It was his parents’ minivan.
The laugh tore out of me so hard I had to turn my chair away from the glass wall of my office before anyone walking past could see my face. On my phone screen, flames licked up the side panels Anthony had once polished like a showroom salesman. The silver badge on the back door glowed through the smoke for one sharp second, then vanished behind a wave of black.
His mother was still in her floral slippers, slapping at the air with both hands like she could push the fire backward. His father kept circling the front bumper, shouting toward the street, then toward the patio, then toward the house again, as if volume alone could undo gasoline. Anthony had already jumped back over the fence and was halfway to his truck when his father recognized the license plate.

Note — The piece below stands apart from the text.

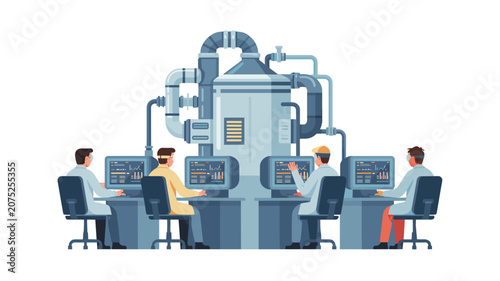 Group of researchers work at computer stations in front of a large, complex industrial pipe and tank system in laboratory environment.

Even through the grainy camera feed, I saw the exact moment it hit him.
He stopped.
Turned.
Looked at the fire.
Looked at his father.
Then he ran.
I downloaded the footage before the flames even settled. My fingers were steady by then. The panic had burned off and left something colder underneath. I emailed one copy to my divorce attorney, another to the detective whose card I still had from the court-ordered property inventory, and a third to myself with the subject line Anthony — 10:12 a.m. — fire.
Then I called 911.
By noon, the office coffee had gone stale on the warmer and the carpet under my heels felt too soft. Downtown Chicago buzzed below my window in clean, expensive lines—buses hissing, horns bouncing between buildings, sunlight flashing off towers. None of it touched me. All I could see was that minivan.
The same ridiculous luxury minivan he had bought with my money and his ego.
The same one he had presented to his parents like a prince offering tribute.
The same one I had spent months helping him pay for while he stood in our kitchen talking about “family duty” as if Ashley and I were some side project.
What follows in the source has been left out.